Contemplación y pobreza
El peor servicio que se puede hacer a un pobre es quitarle la “beatitud” de la pobreza. Nuestra estructura social y la organización de la vida de hoy están hechas para los ricos. Aplastan al pobre con la injusta distribución de los bienes, y sobre todo, y todavía más profundamente, lo destruyen por el contagio de la concupiscencia. Los ricos viven drogados; ven las cosas fuera de foco, y ese estado de alienación en el que se mueven los hace vulnerables a cualquier tipo de propaganda. Al pobre no le queda otra posibilidad, debe vivir dentro de las mismas estructuras. Aquí, donde yo vivo, en medio de los pobres, la radio recomienda numerosos productos, anuncia curas milagrosas y enumera lugares para divertirse que no son más que bosques mágicos y laberintos inventados para que algunas personas, a fuerza moverse y cambiar, sigan dándose cuenta de que viven. Mis amigos están al margen de esos lugares. No tienen plata para pagar la entrada y ni siquiera saben dónde puede estar. Pero van con el deseo; aprenden a fugarse de la realidad en la forma que Cristo consideraba más peligrosa. No sueñan como niños, porque tienen verdaderos deseos que se dirigen hacia cosas lejanas pero posibles.

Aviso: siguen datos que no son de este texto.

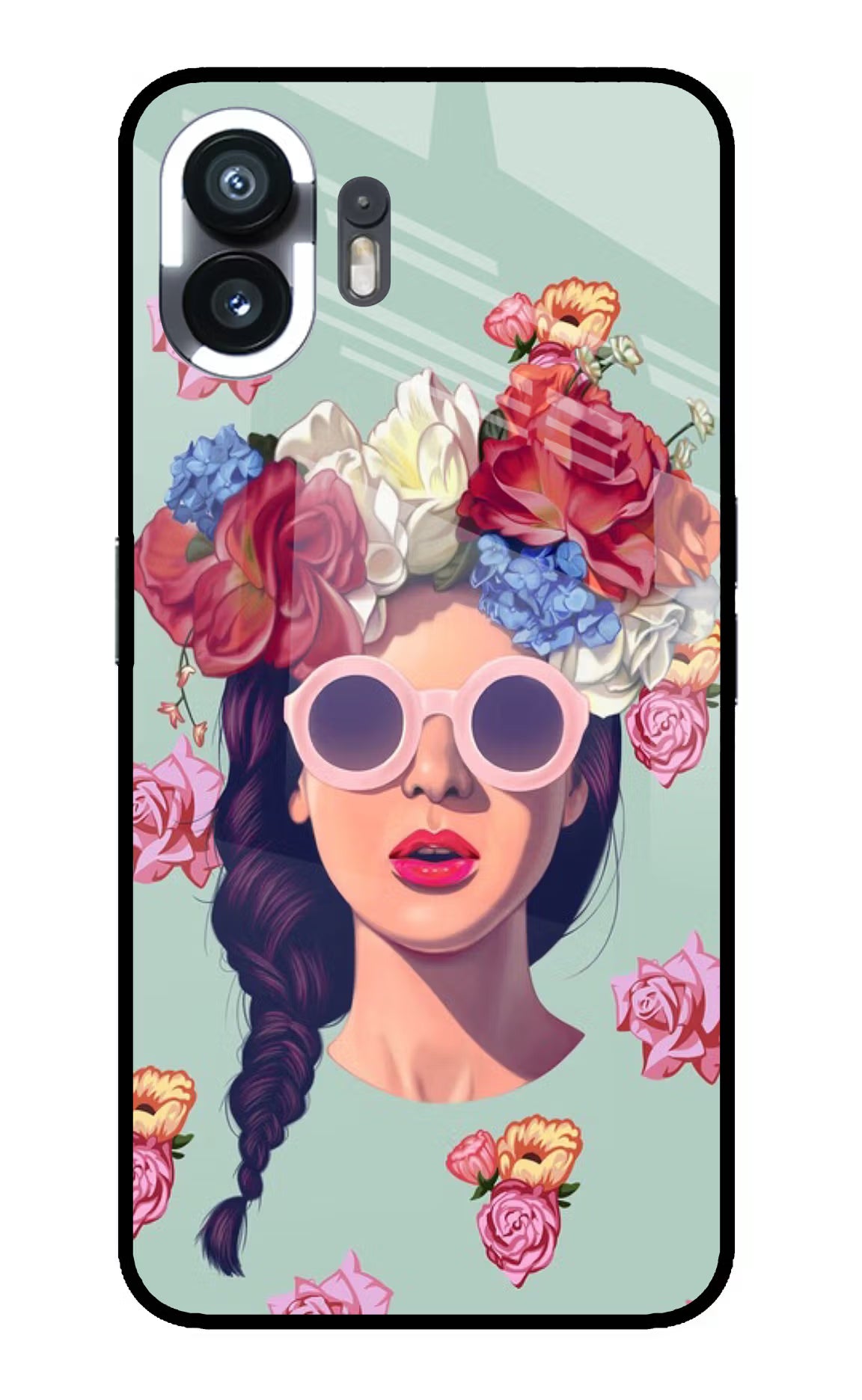Pretty Girl Nothing Phone 2 Glass Case Back Cover by Casekaro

Por eso las bienaventuranzas tienen raíces en el espíritu y no en los objetos; dependen de la actitud que el hombre toma ante las cosas. Por ese motivo el espíritu de contemplación resulta en la práctica poco frecuente en todos los niveles. Sin embargo es insustituible. Sólo la mirada pura, conquistada por medio de la pobreza de espíritu, puede volver a colocar las cosas en su sitio.
“Todo es de ustedes”
“Todo es de ustedes”. Estamos frente a una de las relaciones más simples, más universales. Es casi instintiva. Todo lo que ves, todo lo que usas, todo lo que puedes alcanzar, es tuyo. Es tuyo porque eres hombre. Sólo el hombre puede poseer; pero para poseer debe comprender, pues de lo contrario su poseer se transforma en alienar. El hombre que así posee, toma las cosas y al dejarlas, salen de sus manos alteradas, cargadas con el sufrimiento, y los gemidos que el mismo hombre ha dejado en ellas. Si no se sabe que las cosas son bellas, son bienes, son valores, ¿es posible conservarlas? Y si no se las conserva, resguardándolas por medio de estructuras inspiradas por la justicia y el amor, ¿pueden continuar siendo bienes? “Todo es de ustedes, ustedes son de Cristo, Cristo es de Dios”: Los bienes que tengo delante de mí y que son míos, son bienes, no son sombras, ni apariencias, porque han sido pensados y creados por Aquél que es, y están ordenados y salvados de la alienación definitiva porque están en Cristo, porque “todas las cosas subsisten en Él” (Colosenses I, 17), atraídas como por un centro en torno a la que giran por obra de una ley inexorable, orientadas hacia Él por la fuerza de la resurrección.